Dans la même région, ce mois-ci encore, André Laignel, maire d’Issoudun et Gil Avérous, maire de Châteauroux, ont tenu un point de presse pour dénoncer une décision de l’ARS, qui a « retoqué »  un projet de création de centre de traitement du cancer à Châteauroux. Actuellement les patients de l’Indre atteints d’un cancer doivent se faire soigner dans un département voisin. Rappelant que « les élus de l’Indre soutenaient unanimement ce projet », Gil Avérous, furieux, a déclaré lors de ce point presse : « Une fois encore l’ARS s’essuie les pieds sur les élus locaux ». « N’ayant pas vocation à être le paillasson des technocrates », le maire de Châteauroux a averti qu’il démissionnerait de la présidence du conseil de surveillance du centre hospitalier de Châteauroux et de la présidence du comité territorial des élus locaux du groupement hospitalier de territoire si le ministre de la Santé ne s’emparait pas de ce dossier. 

Questions de gouvernance

Les ARS sont donc dans la ligne de mire des élus. Certes, commente ce matin pour Maire info Frédéric Chéreau, maire de Douai et co-président de la commission Santé de l’AMF, « les situations sont très variables d’une région à l’autre », mais globalement, « il est vrai que les ARS ont une approche très administrative et doivent encore apprendre à parler avec les élus locaux ». Le maire de Douai appelle d’ailleurs à un dialogue renouvelé non seulement avec les ARS mais également avec les préfets. 

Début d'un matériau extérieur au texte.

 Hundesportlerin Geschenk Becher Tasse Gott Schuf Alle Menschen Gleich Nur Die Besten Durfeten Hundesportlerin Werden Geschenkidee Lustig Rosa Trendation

« Le problème des ARS est qu’elles ont une approche ‘’en tuyau d’orgue’’, elles raisonnent presque uniquement sur la question des hôpitaux, quand nous avons besoin d’une approche beaucoup plus transversale. »  Frédéric Chéreau évoque les nombreuses pistes auxquelles l’AMF réfléchit depuis des années pour tenter de résorber les problèmes récurrents de la désertification médicale et de l’organisation du système de santé en général. « Il y a bien sûr la question de la gouvernance. Les maires doivent redevenir présidents des conseils d’administration des hôpitaux. Aujourd’hui ce sont les directeurs d’hôpitaux qui ont le pouvoir, et encore… comme ils n’ont pas la main sur les budgets, qui sont le nerf de la guerre, leur pouvoir est finalement aussi limité : ils ont le pouvoir, mais pas les moyens. » 

La « légitimité »  des maires sur le sujet santé

Frédéric Chéreau souscrit entièrement aux propositions détaillées hier dans Le Monde par trois chercheurs, dont Maire info s’est fait l’écho hier : les chercheurs demandent que les communes et les EPCI soient dotés d’une compétence santé. « Oui, il faut que les communes et les intercommunalités aient une compétence sur la santé, sur le pilotage local de la santé », abonde Frédéric Chéreau. « Parce que les maires sont capables d’avoir ce regard transversal sur la santé. Parce qu’il faut réfléchir à inventer des lieux qui permettent de croiser le regard de la médecine de ville et celui de l’hôpital – et les maires peuvent faire cela. Il manque aujourd’hui un lieu de pilotage local qui permette de croiser tous les regards, et les maires ont, sur ce sujet, toute légitimité ». Notamment parce qu’ils sont en mesure de proposer des politiques « en amont de l’hôpital » : « Il ne s’agit pas seulement de soigner des pathologies comme le diabète ou les insuffisances cardiaques, quand les patients sont dans une situation critique : il faut les éviter, les prévenir. Et cela, les maires sont en situation d’y contribuer, parce qu’ils portent des projets intégrés, incluant le logement, la qualité de l’air, la mobilité, l’alimentation, l’activité physique…Les maires sont au cœur du sujet sur tout cela. » 

C’est d’une véritable révolution culturelle que parle Frédéric Chéreau. Mais lorsque l’on voit le fossé qui sépare la vision du gouvernement de la réalité vécue par les élus – et les patients – il apparaît qu’il ne faudra peut-être pas moins.